Very nice! The quest goes on... :)

As I posted somewhere else, I think everybody "imagines" the ideal 3D Mandelbrot, it would look like this famous picture: http://www.renderosity.com/mod/gallery/index.php?image_id=1308487&member

So why not try a completely different approach, and of course completely wrong and purely artistic, for example by using a 3D software to draw a kind of apple (a 3D cardioid) and then plug spheres all around, etc... ??

Coolness! Even though it has whipped cream / taffy, I like this idea. Thanks for the lesson. :)

In general, I think the taffy problem happens because the power function isn't conformal. The 3D White-Nylander power functions are least conformal near the poles. In experimenting with 2D escape time fractals over the years, I think I've noticed that fractals that look all stretched out come from formulas that aren't conformal, and fractals that look "nice" invariably come from formulas that are. I think this makes sense because that's what a non-conformal map does--it "stretches out" space.

As pointed out by Tglad on another thread, Liouville's theorem says that the only smooth conformal maps possible in > 2 dimensions are Moebius transformations, which unfortunately don't become complicated when iterated since they form a closed group. I suspect that if one could find a 3D map that was somehow "close" to being conformal, it still might not be good enough because any deviations from conformality might get magnified when iterated lots of times. I think completely getting rid of the taffy is likely a hopeless task, but there may be other nice ways to compromise. In my opinion, the high-degree Mandelbulb fractals are nice ones because they "spread the taffy around" so that there are lots of areas that aren't dominated by it.
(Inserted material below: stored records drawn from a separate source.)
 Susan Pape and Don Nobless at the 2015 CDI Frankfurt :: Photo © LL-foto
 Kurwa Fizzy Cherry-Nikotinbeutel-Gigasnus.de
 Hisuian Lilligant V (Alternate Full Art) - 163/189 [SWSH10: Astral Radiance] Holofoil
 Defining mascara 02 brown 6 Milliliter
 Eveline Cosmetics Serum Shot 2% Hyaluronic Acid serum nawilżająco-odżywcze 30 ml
It seems kinda hard to find much variety in them though from what I've seen so far.

Funny that you come with that idea...

I had an other idea which is kinda similar probably...
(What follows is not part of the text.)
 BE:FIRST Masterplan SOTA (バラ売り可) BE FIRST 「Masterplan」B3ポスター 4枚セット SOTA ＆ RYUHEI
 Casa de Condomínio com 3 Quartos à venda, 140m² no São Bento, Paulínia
Yesterday I did some tries of slight variations of the riemann's surface mapping and got some interesting (yet not at all Mandelbrot-like) results. (Actually that was clear as I didn't do any variation which would include anything close to )

The direct transformation didn't work as the third dimension is based on just two input values.

So my idea right now is, to use
(http://upload.wikimedia.org/wikipedia/commons/3/32/Hypersphere_coord.PNG)
Stereographic Projection but basically ignoring that the whole thing usually is said to be done on the hypersphere's surface.
If you use outranged values and use the convertion formulas as usually, you still get points inside the space....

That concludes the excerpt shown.